● WHAT THE TASK ASKS:
Give back only the lines in the records below from the one with "Световая картинка на" to the one with "Rectangle Logo with", both inclusive, word for word.

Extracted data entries
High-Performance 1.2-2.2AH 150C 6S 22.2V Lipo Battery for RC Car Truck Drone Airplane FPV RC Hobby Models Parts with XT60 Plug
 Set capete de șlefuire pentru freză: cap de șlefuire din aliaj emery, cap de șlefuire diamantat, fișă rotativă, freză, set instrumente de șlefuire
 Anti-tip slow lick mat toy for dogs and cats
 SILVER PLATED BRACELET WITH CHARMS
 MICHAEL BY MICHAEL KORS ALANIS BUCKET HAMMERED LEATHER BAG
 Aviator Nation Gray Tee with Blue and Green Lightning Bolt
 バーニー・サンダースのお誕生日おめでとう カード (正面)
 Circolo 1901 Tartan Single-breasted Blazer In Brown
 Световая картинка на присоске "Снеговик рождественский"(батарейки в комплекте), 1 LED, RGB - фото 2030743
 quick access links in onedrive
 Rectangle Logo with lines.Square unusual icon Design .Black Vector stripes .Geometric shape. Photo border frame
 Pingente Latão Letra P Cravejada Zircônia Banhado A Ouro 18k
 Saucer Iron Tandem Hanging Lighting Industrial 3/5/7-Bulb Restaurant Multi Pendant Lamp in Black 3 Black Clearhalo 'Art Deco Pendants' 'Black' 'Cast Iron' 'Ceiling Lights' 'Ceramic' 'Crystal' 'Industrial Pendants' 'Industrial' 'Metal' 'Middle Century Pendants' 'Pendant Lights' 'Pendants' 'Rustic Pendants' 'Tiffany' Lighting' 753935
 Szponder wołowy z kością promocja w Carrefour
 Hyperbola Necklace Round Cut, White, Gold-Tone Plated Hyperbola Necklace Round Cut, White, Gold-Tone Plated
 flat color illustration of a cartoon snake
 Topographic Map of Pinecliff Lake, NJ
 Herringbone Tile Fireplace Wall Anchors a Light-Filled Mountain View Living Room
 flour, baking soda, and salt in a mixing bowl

● ANSWER SPACE:
 Световая картинка на присоске "Снеговик рождественский"(батарейки в комплекте), 1 LED, RGB - фото 2030743
 quick access links in onedrive
 Rectangle Logo with lines.Square unusual icon Design .Black Vector stripes .Geometric shape. Photo border frame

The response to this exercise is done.